The push for rapid system modernization at natural gas utilities may be slowing as regulators try to strike a balance between customer costs and the need for infrastructure investments, a utility-focused consultant said.
Utilities have spent heavily in recent years on upgrading their systems, tackling challenges ranging from aging cast iron and bare steel pipes to deploying smart meters to better manage usage. These investments give utilities a higher base on which to earn their rates of return.
Regulators have increasingly allowed utilities to recover these costs more quickly — through so-called trackers or rider fees — to allow pressing work to happen faster. But Russell Feingold, vice president of the consulting group Black and Veatch, told attendees at the American Gas Association Financial Forum that regulators in some jurisdictions may be ready to slow down some of the accelerated investments.
"One of the issues that comes up is the magnitude and pace of infrastructure replacement," Feingold said May 21 at the event in Fort Lauderdale, Fla. "I think with these trackers or infrastructure riders that have been in place for a number of years now in some jurisdictions, the question that commissions and, perhaps more importantly, consumer advocates are arguing [over] is: How far do we have to go before the system is modernized to the point where it is operating in a safe, reliable and cost-efficient way? ... How much is enough?"
Long-term programs that add fees to customer bills may create "rate fatigue," according to Feingold, who has participated in utility rate proceedings. To protect ratepayers, regulators are asking for more granularity and clarity on what investments are necessary at this stage, he said.
"The commission at first might have gone very fast, and then when they start seeing other cost increases come about, they might decide to slow things down a bit," Feingold said.
Utilities in some jurisdictions have faced pushback for continuing to invest in modernization at the same rate they have been in recent years, and regulators have not always authorized the full extent of new requests to fund upgrade programs.

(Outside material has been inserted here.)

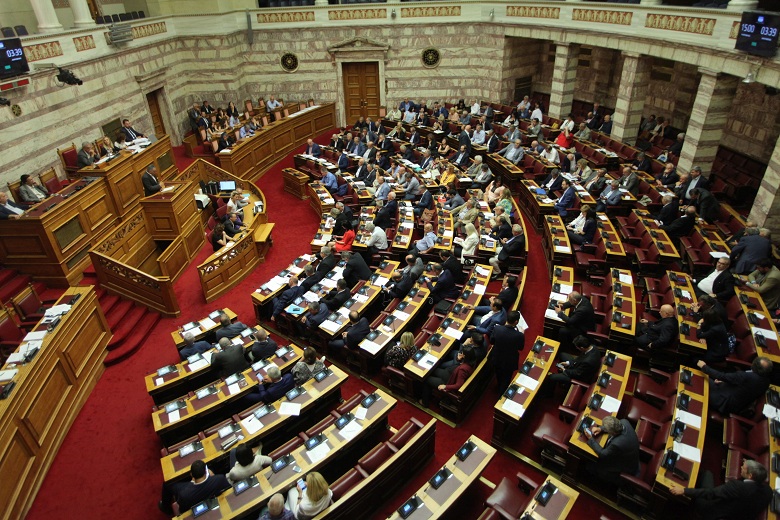 Αγώνας δρόμου για να πληρωθούν οι συντάξεις χωρίς περικοπές το Δεκέμβριο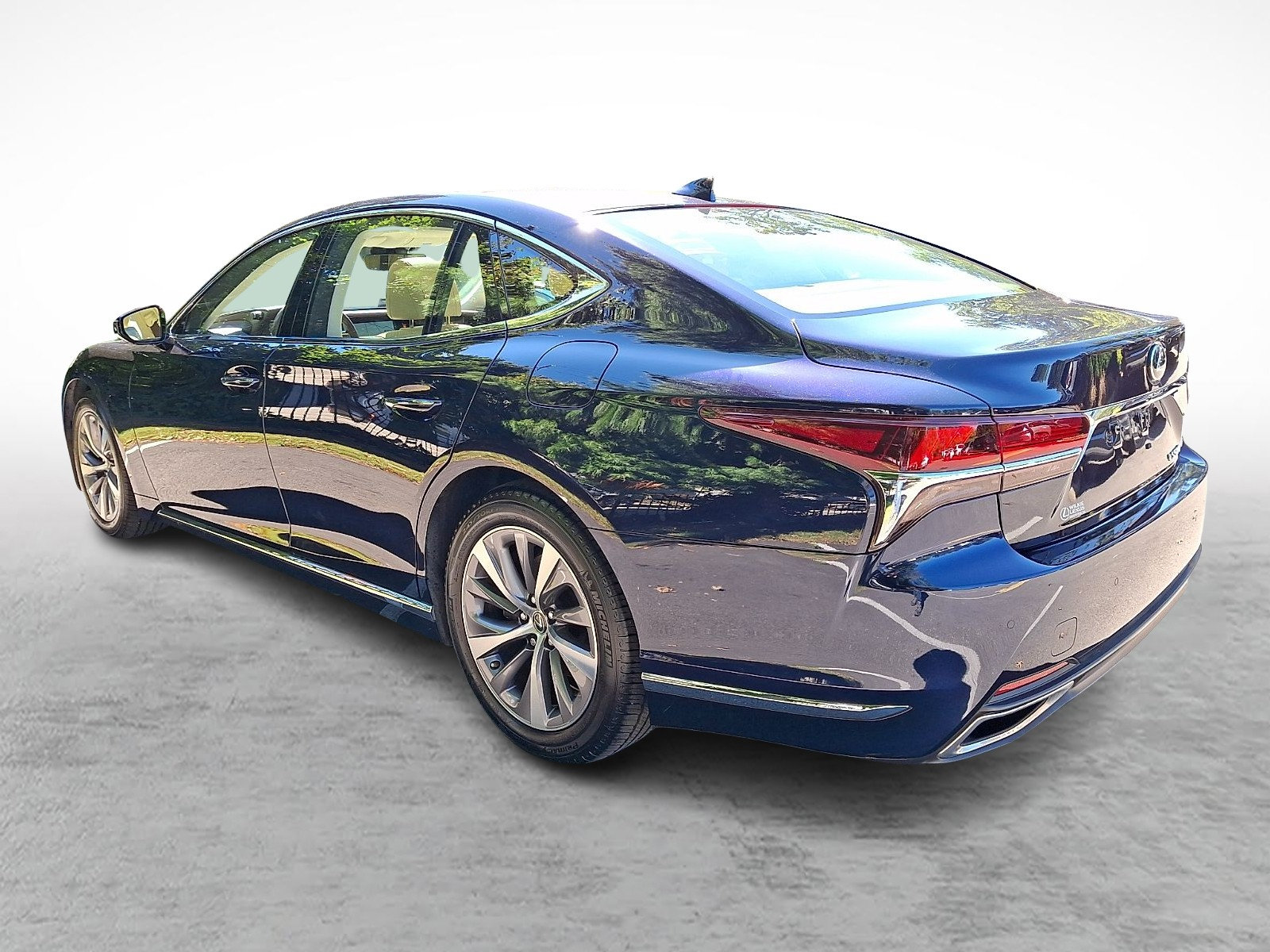 Used 2019 Lexus LS 500 AWD w/ Accessory Package (Z1) image 4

For some utilities, the accelerated infrastructure replacement programs — and the steady rate base boost they have provided — are coming to their natural close as companies finish up with projects that have been ongoing for years, Feingold noted. The past several years were an "opportune time" to have taken on high-cost projects, since low gas prices kept the commodity part of customer bills down, offsetting the uptick in other charges related to modernization work, he said.